I am able to create three possible setting with just a dimmer:
1. All lights on
2. Footwell on, trim off
3. All off but dash still bright enough :thumbup:

Light discontinuity in picture is caused by masking tape running over it. Final product should be nice and continuous light

Your opinions or tips are welcome. I will be running tests for whole week

Whole trim- Full brightest 



Bottom only - Full brightest


----------



## DarthBajan (Oct 22, 2008)

Bottom only definitely looks much cleaner and upscale. I was considering doing this as well to match my red footwell LEDs.


----------



## jc dub (Nov 25, 2002)

Prefer the single string of light on the lower part of the trim. Do you have to remove the door panel to remove the trim?


----------



## OEMplusCC (Jan 27, 2013)

jc dub said:


> Prefer the single string of light on the lower part of the trim. Do you have to remove the door panel to remove the trim?


Yes because trim is held by screws and you need to run wiring anyway


----------



## jc dub (Nov 25, 2002)

OEMplusCC said:


> Yes because trim is held by screws and you need to run wiring anyway


Thanks for the reply. One more question. How do you get the light between the trim and the panel? I have a 5 meters of 600 leds I can put to use


----------



## OEMplusCC (Jan 27, 2013)

jc dub said:


> Thanks for the reply. One more question. How do you get the light between the trim and the panel? I have a 5 meters of 600 leds I can put to use


Once you remove trim there is enough room for you to attach strip. Also there is a factory hole to run wires.
Basically this is almost OEM installation because you are using OEM connections and routing cable in OEM holes. Led strip is only non-oem part


----------



## jc dub (Nov 25, 2002)

Thanks for that. I'm sure I'll be back to ask where I find the ambient vcds settings that I need to change  



OEMplusCC said:


> Once you remove trim there is enough room for you to attach strip. Also there is whole from factory to run wires.
> Basically this is almost OEM installation because you are using OEM connections and routing cable in OEM wholes. Led strip is only non-oem part


----------



## OEMplusCC (Jan 27, 2013)

Update.
Picture 1: 27 ohm resistor with reflective shield - little uneven light :sly:
Picture 2: 27 ohm resistor without reflective shield - Brighter spots due reflections from trim connectors 

I am coming to conclusion that side emitting led strip would have been better idea... anyway ill keep experimenting :laugh:

1.


2.


----------



## jc dub (Nov 25, 2002)

You should look at this for the lighting. These would sit on the underside of the trim spacing, so consistent glow..

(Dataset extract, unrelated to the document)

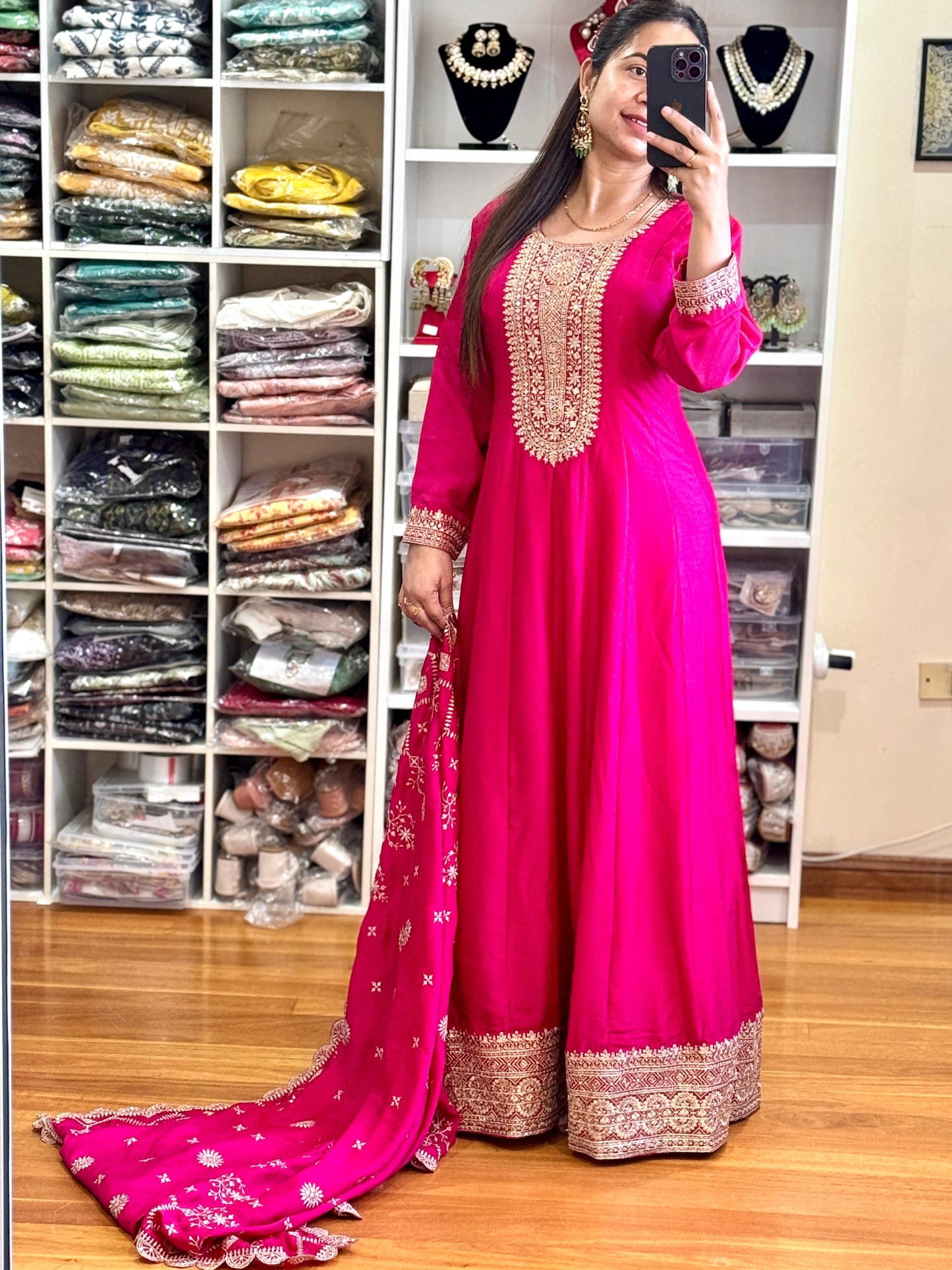 PREMIUM SILK ANARKALI(Free size stitch)
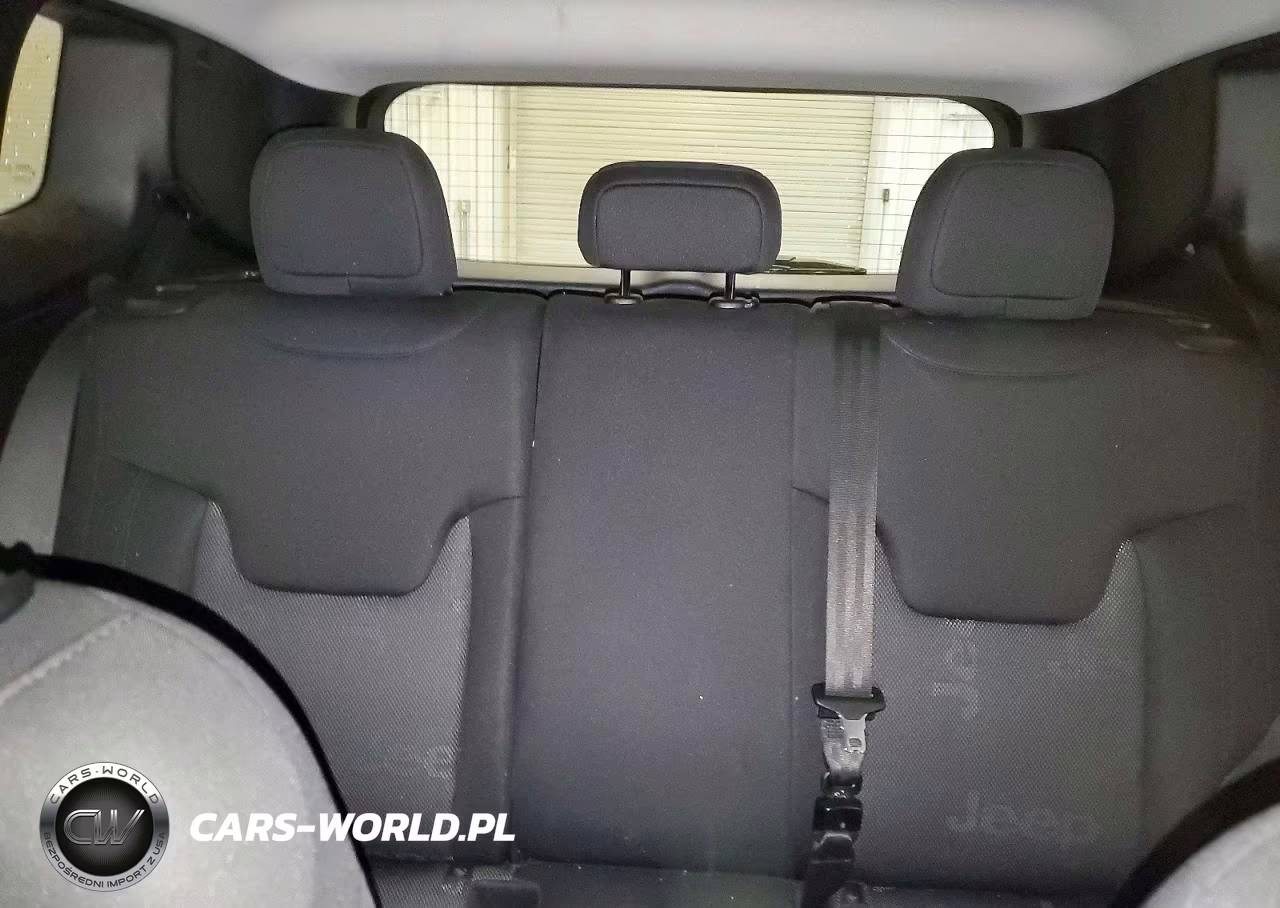 2017 Jeep Renegade Latitude VIN:ZACCJBBB0HPE85797 - 10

http://cgi.ebay.ie/ws/eBayISAPI.dll...akeTrack=true&ssPageName=VIP:watchlink:top:en


----------



## OEMplusCC (Jan 27, 2013)

jc dub said:


> You should look at this for the lighting. These would sit on the underside of the trim spacing, so consistent glow..
> 
> http://cgi.ebay.ie/ws/eBayISAPI.dll...akeTrack=true&ssPageName=VIP:watchlink:top:en


Thanks for tip but i dont think this will help. Leds i have installed have consistent glow but reflection happens due to taps behind the trim. 
I think side emitting led strip will fix this problem as there will be no light going "inside" trim and then reflecting back from taps.


----------



## Turb02 (Jul 15, 2010)

If you can find side emitting LEDs that are double density, please let me know because I cant find them in the cool white color.


----------



## jc dub (Nov 25, 2002)

The fibre optic will sit in the other side of the tabs just inside the trim so the glow would be consistent. I might go down this route myself.


----------



## OEMplusCC (Jan 27, 2013)

jc dub said:


> The fibre optic will sit in the other side of the tabs just inside the trim so the glow would be consistent. I might go down this route myself.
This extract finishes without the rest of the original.